> _Stored data_:
=====
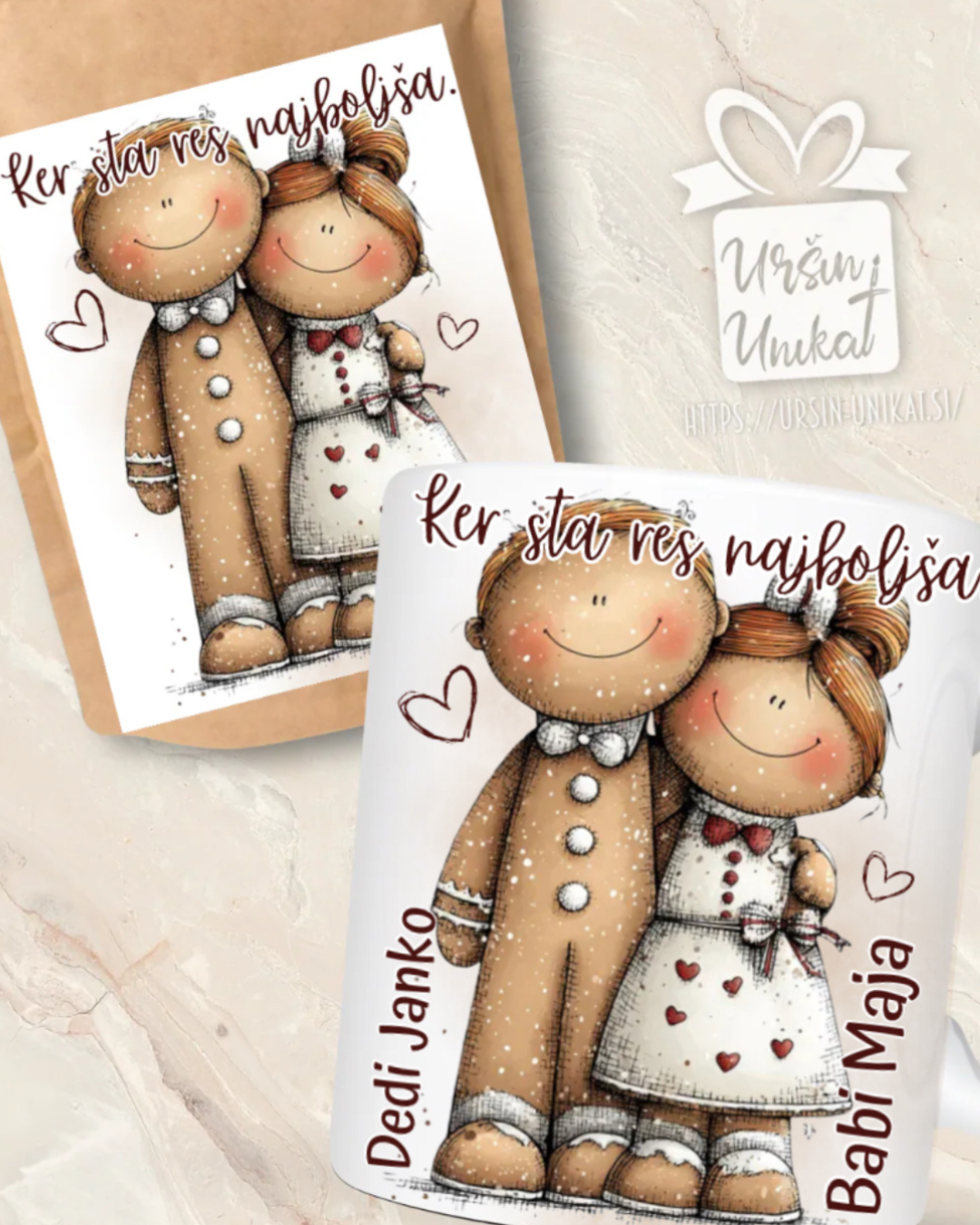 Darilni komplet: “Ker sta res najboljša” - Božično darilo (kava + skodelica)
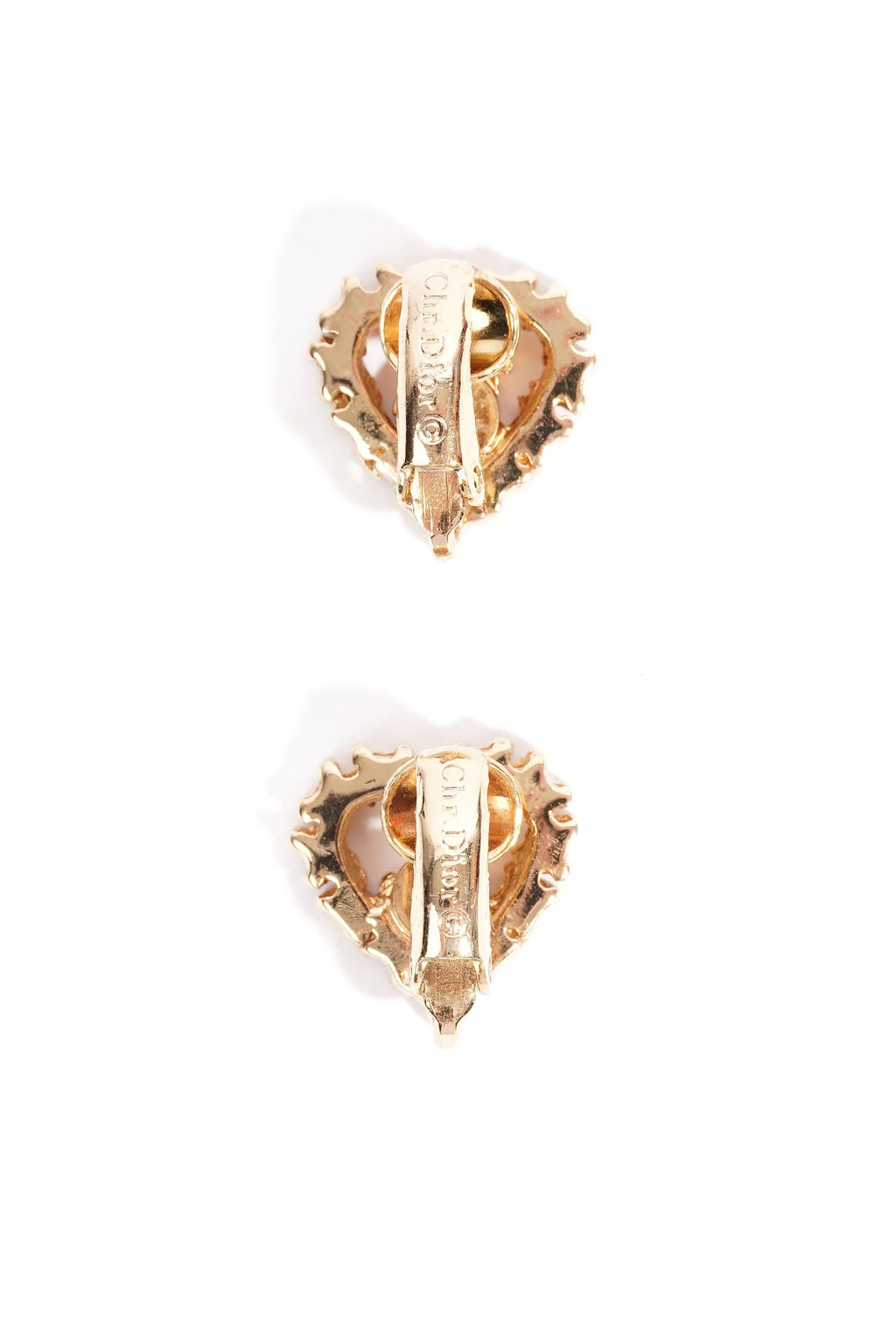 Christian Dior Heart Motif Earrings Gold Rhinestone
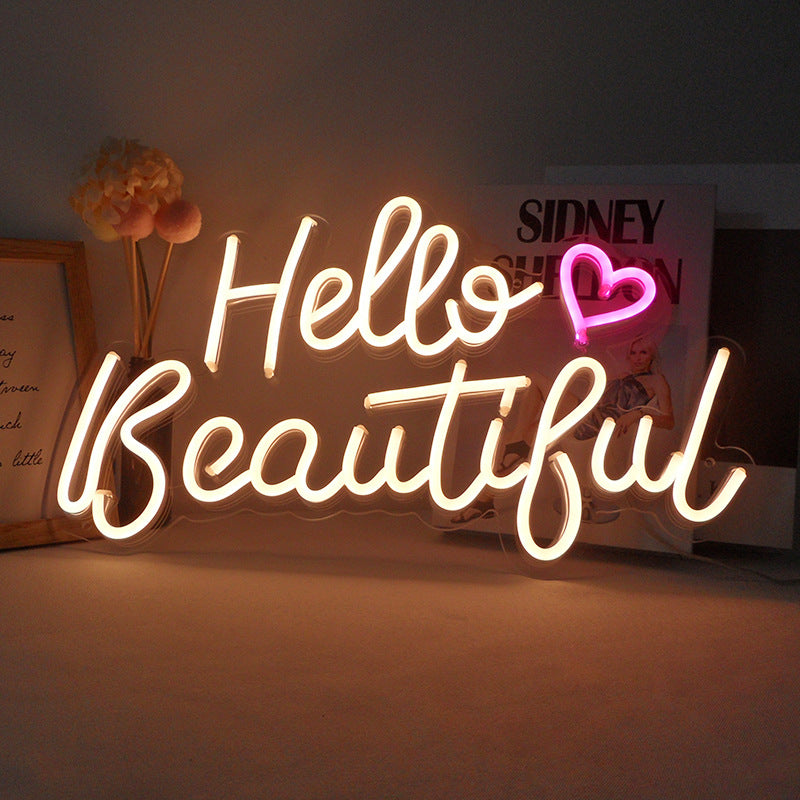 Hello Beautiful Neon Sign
=====
Print the data once more without any change, skipping each picture.

 Darilni komplet: “Ker sta res najboljša” - Božično darilo (kava + skodelica)
 Christian Dior Heart Motif Earrings Gold Rhinestone
 Hello Beautiful Neon Sign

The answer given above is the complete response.